3. “Warum gebt ihr nicht einfach Niedersachsen oder Mecklenburg-Vorpommern auf?” - General Ben Hodges im Interview (Ex-Oberbefehlshaber US Army Europe)
Tagesspiegel, 5. August 2023
General Ben Hodges ist einer der schlauesten Kommentatoren des Ukraine-Kriegs aus US-amerikanischer Sicht. Der Ex-Militär kommentiert gewohnt scharfsinnig im Interview mit dem Tagesspiegel, dass der Westen immer noch die Gangart mit Moskau zu zögerlich und widersprüchlich zum Nachteil der Ukraine fährt: “Bismarck hat einmal gesagt, dass kein Vertrag mit Russland das Papier wert ist, auf dem er geschrieben steht. Es wäre naiv, zu glauben, dass sich das ausgerechnet jetzt ändert.“ Dazu ist nicht mehr zu sagen. Lesenswertes Interview.
4. Deutschland verfehlt mal wieder das 2%-Ziel
Süddeutsche, 9. August 2023
Okay, welchen Teil von Problem hat Deutschland nicht verstanden? Volle 1,5 Jahre nach Beginn eines brutalen, breit angelegten und uns selbst bedrohenden Angriffskrieges durch Russland (mit ungewissem Ausgang) verfehlt Deutschland wieder einmal das NATO-2% Ziel - und das trotz Sondervermögen. Damit rüstet die geplagte Bundeswehr nicht nur nicht auf. Wir verlieren noch an Substanz, weil Statuserhaltung mit Abzug der Lieferungen an die Ukraine ein Minus bedeutet. Absolut unfassbar - speziell, wenn man die Entwicklung von Bedrohungsszenarien und die Langsamkeit von Rüstungsprogrammen vergleicht. Etaterhöhung heute bedeutet Anschaffung in 7 Jahren.

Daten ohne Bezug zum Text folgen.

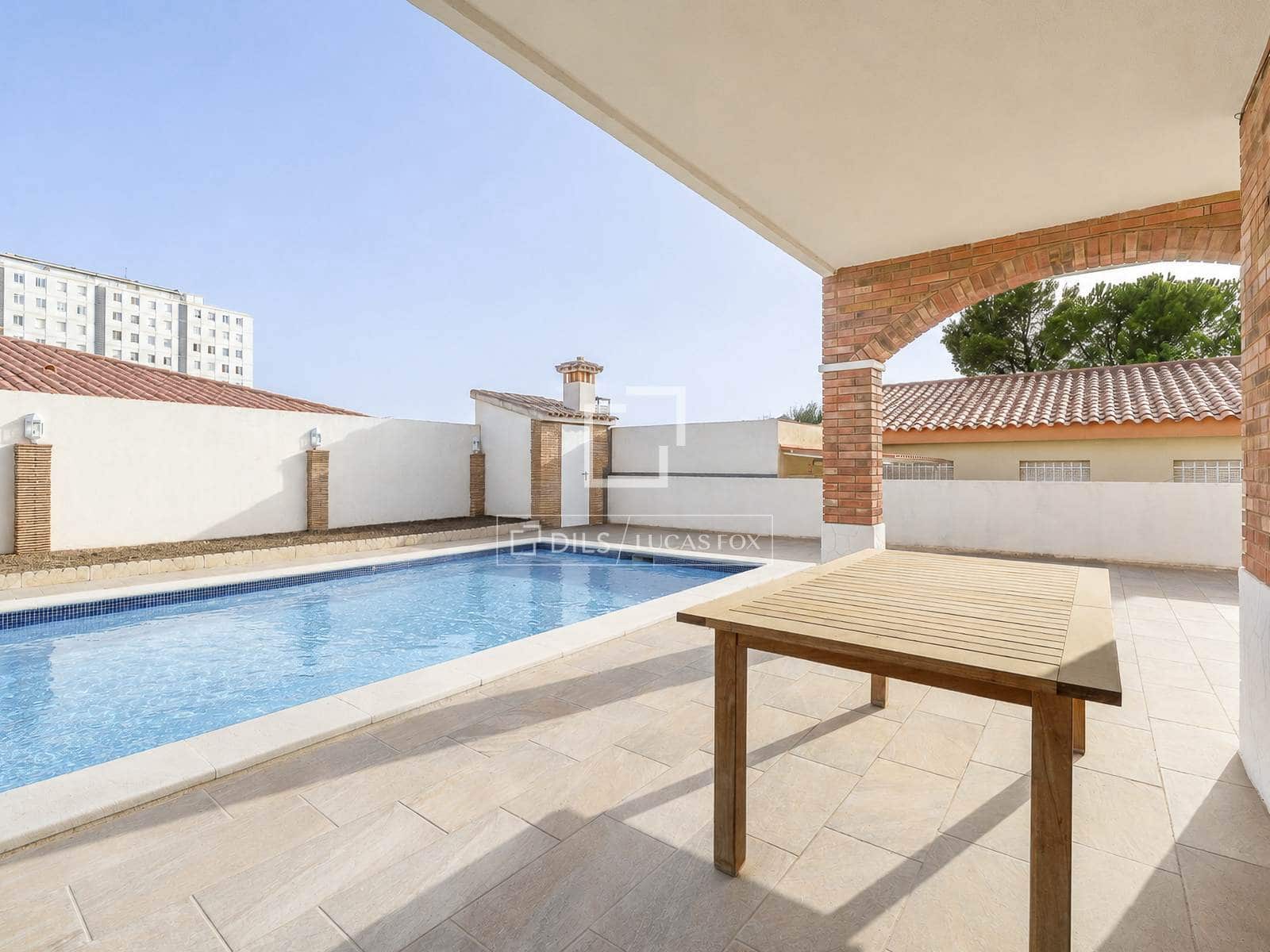 5 soverom Villa til salgs i Cambrils med svømmebasseng garasje - € 585 000 (Ref: 10057162)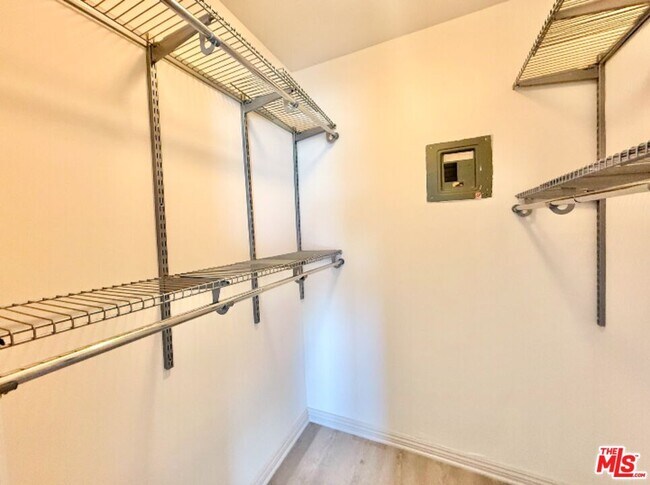 Building Photo - 821 3rd St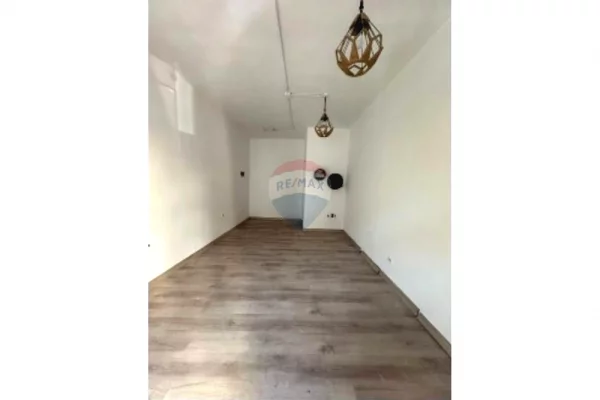 Ambient komercial me qira ne Bllok!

5. Fröhliches Appartment-Hunting im vernichteten Mariupol
BBC, 6. August 2023
Es gibt viele Facetten, die den russischen Angriffskrieg in der Ukraine so besonders archaisch machen. Eine davon ist die Rigidität, Frechheit und Absolutheit, wie russische Institutionen und Individuen anderer Menschen Eigentum stehlen. Beispiel Immobilien. Gestern wurde offenbar, dass die nicht einmal besetzte ukrainische Großstadt Zaporizhzhia komplett als Immobilie in russischen Datenbanken aufgeführt ist. Im komplett vernichteten Mariupol (Bild oben), in dem immer noch tausende von Opfern in den Trümmern liegen, werden jetzt Neubauwohnungen ans Meer gebaut, die sich Russ:innen jetzt kaufen. Gönn dir.
Fun fact: Russland hat Mariupol zur Schwesterstadt von Grozny gemacht. Macht Sinn. Die beiden Städte haben ja durchaus was gemein.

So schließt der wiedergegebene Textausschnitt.